It's been dubbed as "the world champions versus the world's best team", but it won't be only 4 million long-suffering New Zealand fans who tune into Saturday's mouth-watering Tri Nations opener in Wellington.
British & Irish Lions coach Ian McGeechan will be running his eye over a Springbok team that will provide the bulk of his opposition in next year's tour of the republic.
Barring injury, South African coach Peter de Villiers will have the majority of Saturday's squad available for the Lions' visit in under 12 months' time. Only bench player Percy Montgomery, still dangerous at 34, will struggle to stay in the squad as De Villiers works on his combinations ahead of his country's most eagerly awaited rugby tour in history.
And depending on the All Blacks' ability to combat a massive South African scrum, it may prove painful viewing for McGeechan as he looks for ways to unlock a defence that crushes the life out of its opposition, and an attack that boasts two jet-heeled wingers and a centre who seems to be able to score tries at will.
De Villiers has named his big guns as the Springboks look to add the Tri Nations silverware to last year's Webb Ellis Trophy.
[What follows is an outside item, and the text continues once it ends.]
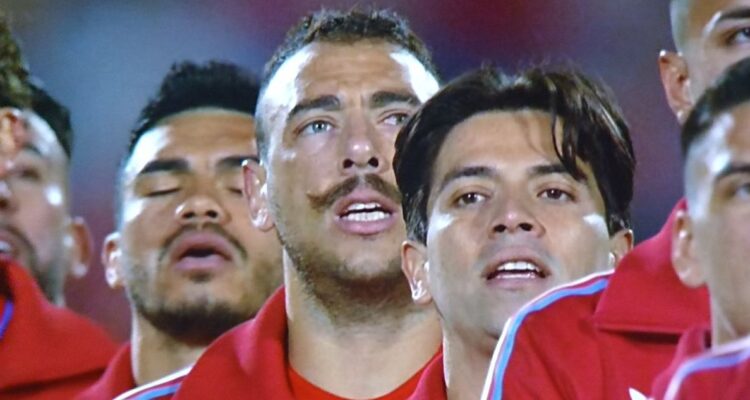 Matías Catalán emocionó a hinchas de LA Roja al cantar el himno de Chile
A giant front-row of CJ van der Linde, John Smit and Gurthro Steenkamp is backed up by the twin towers of Victor Matfield and Bakkies Botha, and a world-class, no-nonsense back-row trio of Schalk Burger, Juan Smith and Joe van Niekerk.
Any international coach who can leave out game-breakers Pierre Spies and Ryan Kankowski is laughing all the way to the winner's circle. Jean de Villiers can lay claim to being the world's best inside centre, while Conrad Jantjes' genius at the back is keeping Montgomery on the pine. And then there's Butch James kicking the points and the small matter of wingers Bryan Habana and Odwa Ndungane, who could probably make a Commonwealth Games 100m semi-final, if they got bored with rugby.
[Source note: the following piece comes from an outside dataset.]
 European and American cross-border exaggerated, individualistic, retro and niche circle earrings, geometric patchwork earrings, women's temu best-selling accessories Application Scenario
On paper, it's a side that should win on Saturday. Fortunately for an All Black team defending a five-year unbeaten run at home, rugby is played on grass. And in Wellington, it's often played on mud in driving rain - just ask the Irish.
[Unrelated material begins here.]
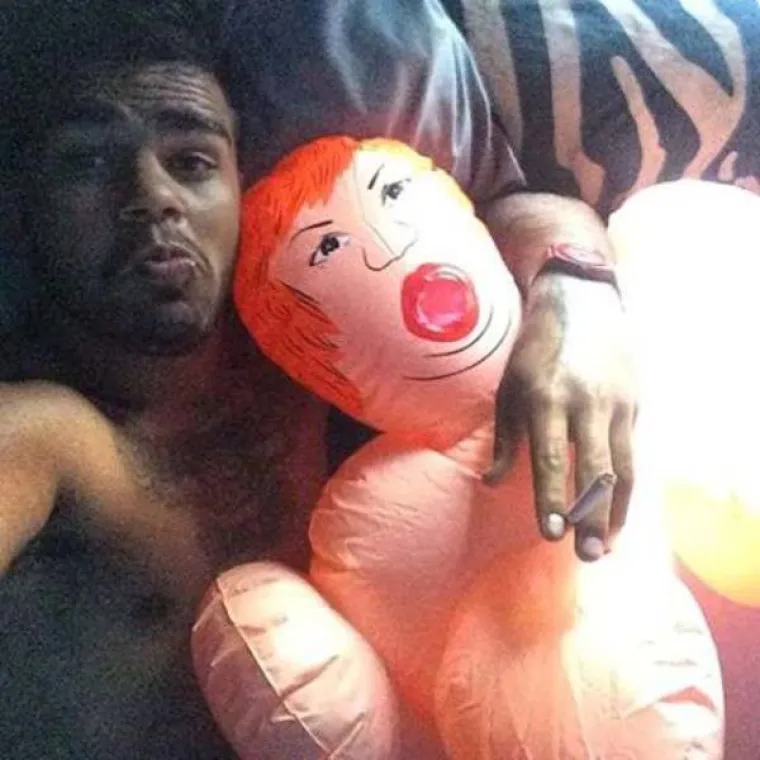 UPRAVO SMO SE POSEKSALI! Neki ljudi imaju potrebu objaviti selfie čim obave posao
For his part, Graham Henry has picked a solid front-row of Greg Somerville, Andrew Hore and Tony Woodcock - although home fans are still mourning Carl Hayman's move to Newcastle - while lock Brad Thorn is the one New Zealander who can match a Springbok forward in the physicality stakes.
Fellow second-rower Ali Williams has seen off an ankle injury to start, but the absence of star skipper Richie McCaw means all eyes are on a brittle-looking back-row of Adam Thomson, stand-in captain Rodney So'oialo and Jerome Kaino.
And while Mils Muliaina will back himself against Jantjes in the No 15 battle, it's the man in the No 10 jersey who holds the key to the outcome of this match.
When Dan Carter is in form, there's not a player in world rugby who can touch him - figuratively and literally. He's played 47 Tests and felt defeat only five times. His 731 Test points have come at a rate of 15.5 games, meaning the 26-year-old will pass Jonny Wilkinson's world record well before his 30th birthday. His dangerous running has resulted in 23 Test tries, and few Lions fans will forget his one-man demolition job in the second Test in 2005.
And if he bosses the game on Saturday with his goal-kicking and silky running skills, McGeechan may sit up a bit straighter in his chair. He knows better than most in Britain that a certain young Wasps fly-half has similar abilities.